What you have to do => Could you output, word for word, only the lines from the line with "Abama_Makedonskiy" to the end of the entries, including both ends? Omit the pictures.

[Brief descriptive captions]
________________________________________

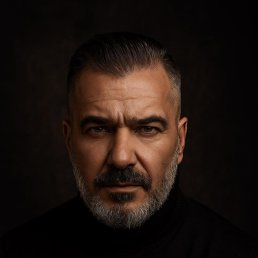 ������, 46 ���, ������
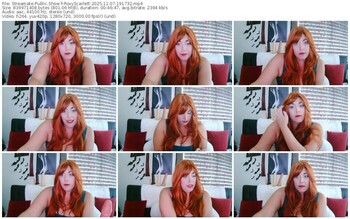 streamate-roxyscarlett-11-07-2025-19-17-32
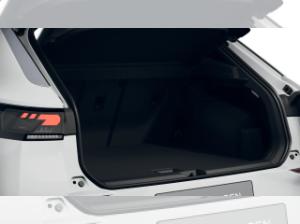 Volkswagen T-Roc R-Line 1.5l eTSI 110kW 150PS DSG🚗*Navi*AHK*Ganzjahresreifen*Sofort verfügbar 🚀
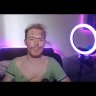 Abama_Makedonskiy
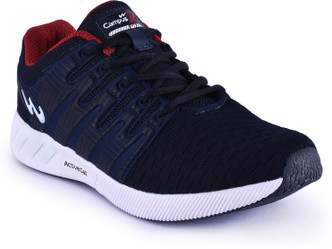 adidas shoes price 500 to 1000 white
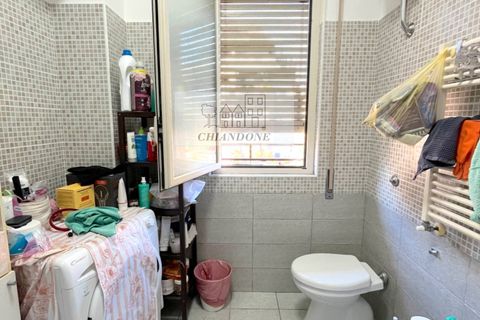 Lejlighed i Rome, Rome, Rome - € 180.000 | Ref: 90231 - foto 26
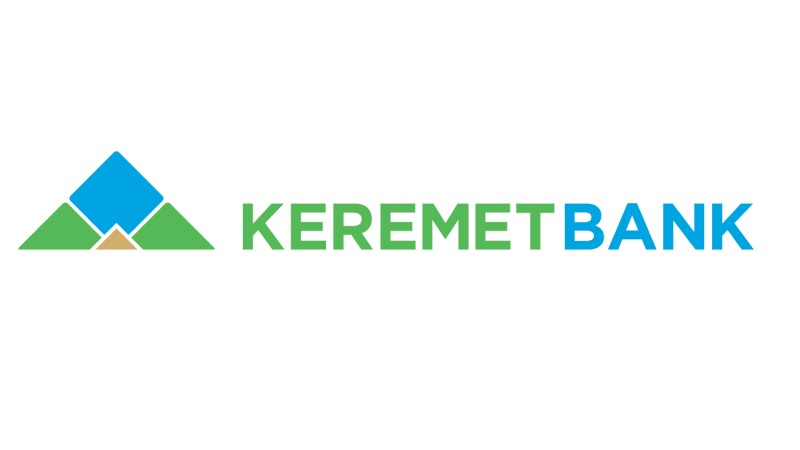 Keremet bank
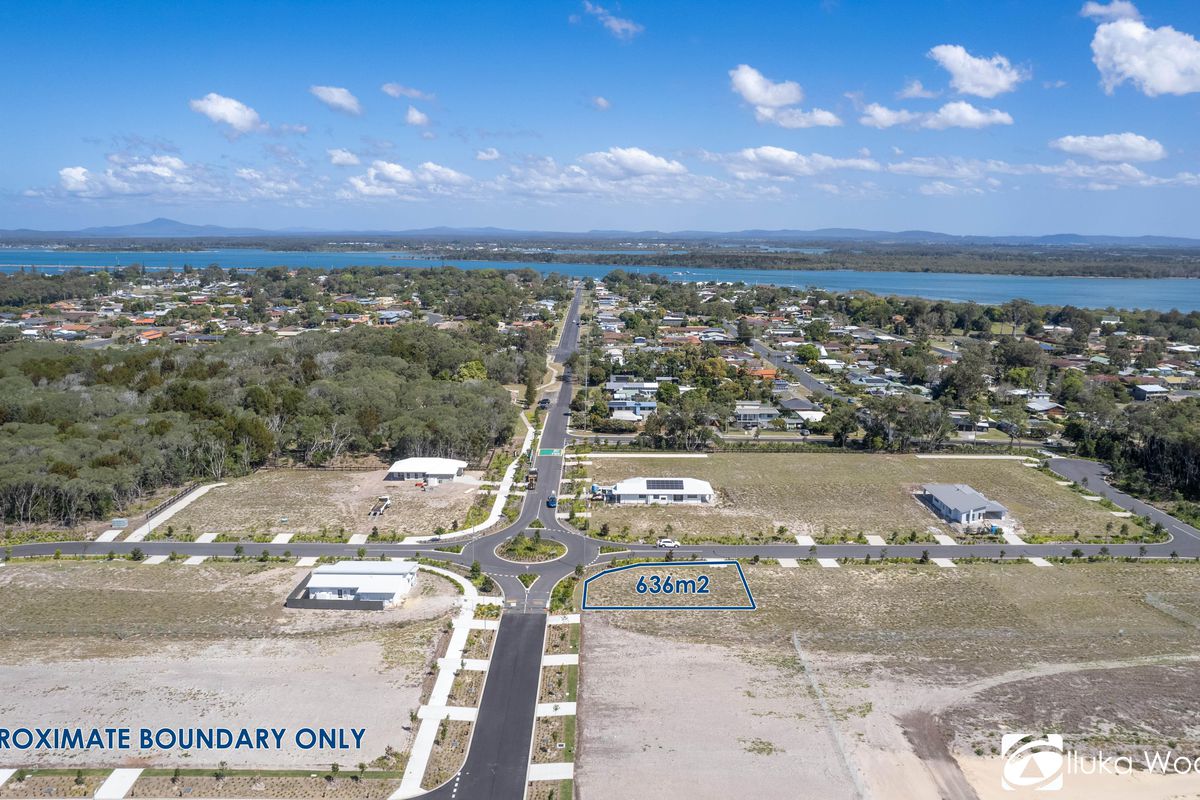 13 Laurie Drive, Iluka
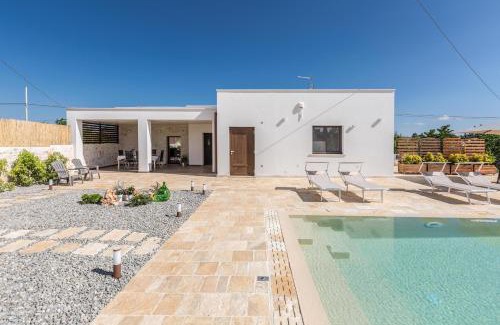Martina Franca Villa | Dimora San Cataldo by Perle di Puglia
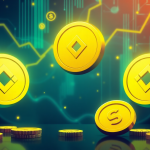 Binance Hacker’s Sale of Obscure 2017 Token Triggers 90% Price Crash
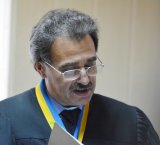 Одесский суд: взятка в $3 тысячи – не повод садить за решетку
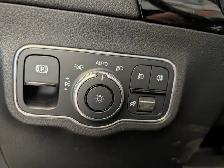 2025 Mercedes-Benz GLA-Class GLA250 4MATIC, Jamai - Photo 16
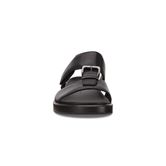  Flowt Lx M (Black)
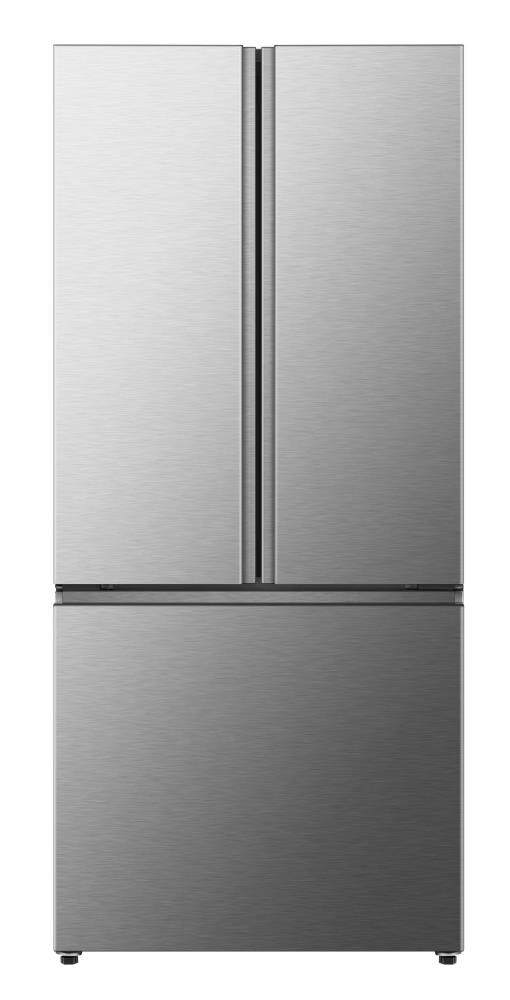 Hisense Refrigerators At Lowes Com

________________________________________

Final answer =>
 Abama_Makedonskiy
 adidas shoes price 500 to 1000 white
 Lejlighed i Rome, Rome, Rome - € 180.000 | Ref: 90231 - foto 26
 Keremet bank
 13 Laurie Drive, Iluka
Martina Franca Villa | Dimora San Cataldo by Perle di Puglia
 Binance Hacker’s Sale of Obscure 2017 Token Triggers 90% Price Crash
 Одесский суд: взятка в $3 тысячи – не повод садить за решетку
 2025 Mercedes-Benz GLA-Class GLA250 4MATIC, Jamai - Photo 16
  Flowt Lx M (Black)
 Hisense Refrigerators At Lowes Com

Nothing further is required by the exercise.